The task: Transcribe exactly the span of lines that begins the records and ends with the line holding "Lampa Wisząca z Metalu i Szkła Windsor 1xE27", both boundary lines included.

[Records from a data source]
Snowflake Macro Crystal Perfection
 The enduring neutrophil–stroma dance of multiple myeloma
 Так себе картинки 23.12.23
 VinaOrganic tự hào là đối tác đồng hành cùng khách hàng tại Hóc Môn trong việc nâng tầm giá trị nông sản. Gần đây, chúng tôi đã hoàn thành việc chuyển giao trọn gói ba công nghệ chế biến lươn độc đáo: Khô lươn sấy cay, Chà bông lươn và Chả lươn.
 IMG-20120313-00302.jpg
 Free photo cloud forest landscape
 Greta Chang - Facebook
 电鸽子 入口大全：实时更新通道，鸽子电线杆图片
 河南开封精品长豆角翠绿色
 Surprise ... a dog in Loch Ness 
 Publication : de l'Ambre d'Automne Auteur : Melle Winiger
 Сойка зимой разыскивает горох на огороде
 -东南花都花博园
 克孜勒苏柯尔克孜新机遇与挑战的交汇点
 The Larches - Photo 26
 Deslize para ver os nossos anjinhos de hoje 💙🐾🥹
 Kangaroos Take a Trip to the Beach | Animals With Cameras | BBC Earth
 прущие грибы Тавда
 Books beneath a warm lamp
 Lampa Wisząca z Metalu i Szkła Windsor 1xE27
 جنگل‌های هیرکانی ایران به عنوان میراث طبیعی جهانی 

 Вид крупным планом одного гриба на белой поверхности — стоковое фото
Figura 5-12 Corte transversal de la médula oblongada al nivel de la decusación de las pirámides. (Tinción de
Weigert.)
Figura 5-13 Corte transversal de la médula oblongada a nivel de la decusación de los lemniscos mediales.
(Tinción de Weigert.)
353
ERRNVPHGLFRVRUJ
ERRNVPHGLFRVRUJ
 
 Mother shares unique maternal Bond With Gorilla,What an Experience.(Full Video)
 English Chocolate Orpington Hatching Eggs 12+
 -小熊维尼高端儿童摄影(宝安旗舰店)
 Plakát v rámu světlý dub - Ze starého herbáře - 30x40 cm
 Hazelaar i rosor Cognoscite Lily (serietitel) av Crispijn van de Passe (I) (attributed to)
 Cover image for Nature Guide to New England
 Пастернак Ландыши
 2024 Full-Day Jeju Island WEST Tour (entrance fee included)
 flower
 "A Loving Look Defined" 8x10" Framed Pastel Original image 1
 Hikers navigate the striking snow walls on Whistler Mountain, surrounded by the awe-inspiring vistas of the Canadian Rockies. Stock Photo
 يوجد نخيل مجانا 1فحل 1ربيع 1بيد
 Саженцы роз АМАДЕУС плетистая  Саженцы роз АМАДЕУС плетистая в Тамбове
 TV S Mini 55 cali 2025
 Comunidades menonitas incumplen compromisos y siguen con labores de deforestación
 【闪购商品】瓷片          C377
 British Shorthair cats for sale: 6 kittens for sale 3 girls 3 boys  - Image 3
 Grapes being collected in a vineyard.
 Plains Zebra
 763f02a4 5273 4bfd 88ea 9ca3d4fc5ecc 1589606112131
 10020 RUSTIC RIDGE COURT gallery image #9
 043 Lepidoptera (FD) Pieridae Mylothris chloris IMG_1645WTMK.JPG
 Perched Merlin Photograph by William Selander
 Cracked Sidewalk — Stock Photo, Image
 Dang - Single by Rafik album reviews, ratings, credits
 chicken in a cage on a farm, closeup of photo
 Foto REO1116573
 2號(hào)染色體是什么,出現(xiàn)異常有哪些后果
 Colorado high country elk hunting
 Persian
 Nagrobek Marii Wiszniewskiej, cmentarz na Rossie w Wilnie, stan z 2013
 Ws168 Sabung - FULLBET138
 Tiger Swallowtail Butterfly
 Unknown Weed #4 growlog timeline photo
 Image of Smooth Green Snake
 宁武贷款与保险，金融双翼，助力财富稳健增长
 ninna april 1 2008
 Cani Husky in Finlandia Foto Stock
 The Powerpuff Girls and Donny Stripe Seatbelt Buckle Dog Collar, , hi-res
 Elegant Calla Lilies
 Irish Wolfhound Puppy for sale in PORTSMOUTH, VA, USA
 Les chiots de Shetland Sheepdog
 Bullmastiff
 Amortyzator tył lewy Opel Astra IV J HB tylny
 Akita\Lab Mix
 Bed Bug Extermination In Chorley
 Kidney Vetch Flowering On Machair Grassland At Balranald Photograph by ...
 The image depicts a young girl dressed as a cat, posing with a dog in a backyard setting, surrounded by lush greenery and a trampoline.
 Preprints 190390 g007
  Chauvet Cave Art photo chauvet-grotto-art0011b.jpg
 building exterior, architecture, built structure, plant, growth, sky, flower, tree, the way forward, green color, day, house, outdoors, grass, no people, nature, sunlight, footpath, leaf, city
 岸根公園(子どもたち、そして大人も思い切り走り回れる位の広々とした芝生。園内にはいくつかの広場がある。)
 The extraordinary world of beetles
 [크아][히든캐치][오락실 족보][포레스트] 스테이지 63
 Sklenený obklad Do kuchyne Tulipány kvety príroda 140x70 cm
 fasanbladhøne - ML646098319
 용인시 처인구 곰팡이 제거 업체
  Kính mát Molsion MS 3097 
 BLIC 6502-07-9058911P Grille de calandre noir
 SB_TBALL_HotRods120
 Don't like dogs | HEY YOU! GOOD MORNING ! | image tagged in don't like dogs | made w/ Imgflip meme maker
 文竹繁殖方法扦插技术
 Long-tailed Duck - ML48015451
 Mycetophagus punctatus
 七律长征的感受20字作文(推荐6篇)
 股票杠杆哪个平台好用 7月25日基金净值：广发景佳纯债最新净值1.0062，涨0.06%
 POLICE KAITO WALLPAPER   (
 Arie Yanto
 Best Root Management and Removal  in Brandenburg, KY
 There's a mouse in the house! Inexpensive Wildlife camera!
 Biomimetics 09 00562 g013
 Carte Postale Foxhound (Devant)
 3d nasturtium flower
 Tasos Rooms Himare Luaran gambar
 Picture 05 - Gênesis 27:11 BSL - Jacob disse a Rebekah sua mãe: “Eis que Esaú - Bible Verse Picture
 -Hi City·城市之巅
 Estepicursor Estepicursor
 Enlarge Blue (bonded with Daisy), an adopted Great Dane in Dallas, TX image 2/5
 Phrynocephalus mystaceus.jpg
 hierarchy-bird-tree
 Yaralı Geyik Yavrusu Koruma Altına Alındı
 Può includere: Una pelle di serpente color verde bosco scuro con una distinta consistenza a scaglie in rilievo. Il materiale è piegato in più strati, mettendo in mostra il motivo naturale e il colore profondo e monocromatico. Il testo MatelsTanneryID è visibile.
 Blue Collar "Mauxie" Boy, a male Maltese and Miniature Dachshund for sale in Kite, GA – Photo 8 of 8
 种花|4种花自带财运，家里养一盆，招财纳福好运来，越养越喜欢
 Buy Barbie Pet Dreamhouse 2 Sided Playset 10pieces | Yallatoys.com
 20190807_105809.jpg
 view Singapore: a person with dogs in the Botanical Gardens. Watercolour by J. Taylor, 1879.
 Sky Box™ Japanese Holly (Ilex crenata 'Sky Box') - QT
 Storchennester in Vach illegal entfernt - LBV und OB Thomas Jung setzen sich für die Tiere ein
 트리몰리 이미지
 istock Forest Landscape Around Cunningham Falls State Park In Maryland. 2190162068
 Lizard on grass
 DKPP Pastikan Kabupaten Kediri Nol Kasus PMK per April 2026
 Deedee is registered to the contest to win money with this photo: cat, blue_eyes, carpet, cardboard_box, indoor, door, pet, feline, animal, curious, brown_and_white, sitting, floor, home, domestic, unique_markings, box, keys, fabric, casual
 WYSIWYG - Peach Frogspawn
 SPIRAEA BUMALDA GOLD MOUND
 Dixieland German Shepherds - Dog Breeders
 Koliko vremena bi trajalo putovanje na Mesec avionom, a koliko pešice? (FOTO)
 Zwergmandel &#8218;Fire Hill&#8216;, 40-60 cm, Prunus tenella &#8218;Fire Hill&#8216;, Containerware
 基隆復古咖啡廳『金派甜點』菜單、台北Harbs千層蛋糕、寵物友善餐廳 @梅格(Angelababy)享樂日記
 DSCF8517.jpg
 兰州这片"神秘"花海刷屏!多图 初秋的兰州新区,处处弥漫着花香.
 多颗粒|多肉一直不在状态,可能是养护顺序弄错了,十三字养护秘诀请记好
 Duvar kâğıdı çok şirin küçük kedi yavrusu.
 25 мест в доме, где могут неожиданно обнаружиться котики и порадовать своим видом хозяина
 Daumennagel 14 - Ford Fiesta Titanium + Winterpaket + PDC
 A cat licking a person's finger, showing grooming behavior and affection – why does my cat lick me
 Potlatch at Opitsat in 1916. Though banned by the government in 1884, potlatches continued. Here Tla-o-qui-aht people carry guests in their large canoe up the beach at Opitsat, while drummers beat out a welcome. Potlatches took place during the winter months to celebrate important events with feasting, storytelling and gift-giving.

Solution to this task:
Snowflake Macro Crystal Perfection
 The enduring neutrophil–stroma dance of multiple myeloma
 Так себе картинки 23.12.23
 VinaOrganic tự hào là đối tác đồng hành cùng khách hàng tại Hóc Môn trong việc nâng tầm giá trị nông sản. Gần đây, chúng tôi đã hoàn thành việc chuyển giao trọn gói ba công nghệ chế biến lươn độc đáo: Khô lươn sấy cay, Chà bông lươn và Chả lươn.
 IMG-20120313-00302.jpg
 Free photo cloud forest landscape
 Greta Chang - Facebook
 电鸽子 入口大全：实时更新通道，鸽子电线杆图片
 河南开封精品长豆角翠绿色
 Surprise ... a dog in Loch Ness 
 Publication : de l'Ambre d'Automne Auteur : Melle Winiger
 Сойка зимой разыскивает горох на огороде
 -东南花都花博园
 克孜勒苏柯尔克孜新机遇与挑战的交汇点
 The Larches - Photo 26
 Deslize para ver os nossos anjinhos de hoje 💙🐾🥹
 Kangaroos Take a Trip to the Beach | Animals With Cameras | BBC Earth
 прущие грибы Тавда
 Books beneath a warm lamp
 Lampa Wisząca z Metalu i Szkła Windsor 1xE27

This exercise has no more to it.